-- What you will do --
Only the lines below between the one holding "For Genie's syntax, she" and the one holding "Hi, my name", inclusive, are to be reproduced word for word; the pictures are to be left out.

-- Extracted entries --
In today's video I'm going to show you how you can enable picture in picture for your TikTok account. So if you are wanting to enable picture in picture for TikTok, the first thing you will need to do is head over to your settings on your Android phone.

--

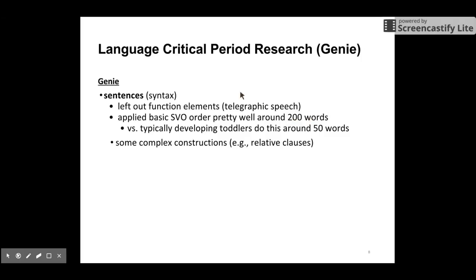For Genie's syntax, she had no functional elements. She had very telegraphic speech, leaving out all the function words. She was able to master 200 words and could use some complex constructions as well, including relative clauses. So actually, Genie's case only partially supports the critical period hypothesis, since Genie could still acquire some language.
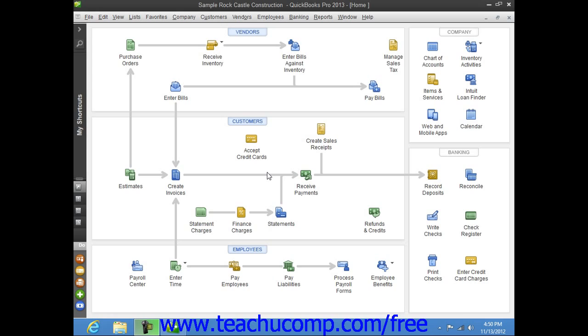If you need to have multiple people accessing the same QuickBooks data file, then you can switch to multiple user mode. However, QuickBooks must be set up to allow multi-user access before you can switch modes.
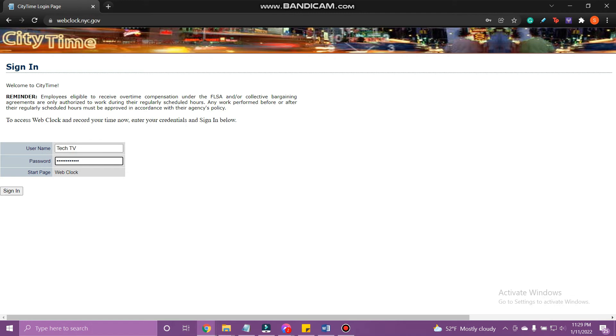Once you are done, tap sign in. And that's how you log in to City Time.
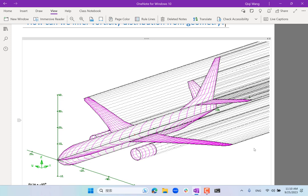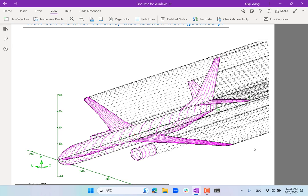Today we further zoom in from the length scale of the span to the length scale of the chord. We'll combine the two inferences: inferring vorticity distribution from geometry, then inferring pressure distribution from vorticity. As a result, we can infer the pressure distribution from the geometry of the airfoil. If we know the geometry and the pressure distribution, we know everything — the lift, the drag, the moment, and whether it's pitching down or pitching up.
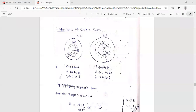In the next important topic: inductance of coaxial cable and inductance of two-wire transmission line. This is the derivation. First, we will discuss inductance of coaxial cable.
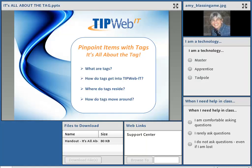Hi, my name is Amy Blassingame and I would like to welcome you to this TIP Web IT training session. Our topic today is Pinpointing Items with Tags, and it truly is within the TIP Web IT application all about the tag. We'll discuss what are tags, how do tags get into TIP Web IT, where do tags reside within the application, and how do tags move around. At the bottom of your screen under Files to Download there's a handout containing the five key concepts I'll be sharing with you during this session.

-- Result of the task --
For Genie's syntax, she had no functional elements. She had very telegraphic speech, leaving out all the function words. She was able to master 200 words and could use some complex constructions as well, including relative clauses. So actually, Genie's case only partially supports the critical period hypothesis, since Genie could still acquire some language.
If you need to have multiple people accessing the same QuickBooks data file, then you can switch to multiple user mode. However, QuickBooks must be set up to allow multi-user access before you can switch modes.
Once you are done, tap sign in. And that's how you log in to City Time.
Today we further zoom in from the length scale of the span to the length scale of the chord. We'll combine the two inferences: inferring vorticity distribution from geometry, then inferring pressure distribution from vorticity. As a result, we can infer the pressure distribution from the geometry of the airfoil. If we know the geometry and the pressure distribution, we know everything — the lift, the drag, the moment, and whether it's pitching down or pitching up.
In the next important topic: inductance of coaxial cable and inductance of two-wire transmission line. This is the derivation. First, we will discuss inductance of coaxial cable.
Hi, my name is Amy Blassingame and I would like to welcome you to this TIP Web IT training session. Our topic today is Pinpointing Items with Tags, and it truly is within the TIP Web IT application all about the tag. We'll discuss what are tags, how do tags get into TIP Web IT, where do tags reside within the application, and how do tags move around. At the bottom of your screen under Files to Download there's a handout containing the five key concepts I'll be sharing with you during this session.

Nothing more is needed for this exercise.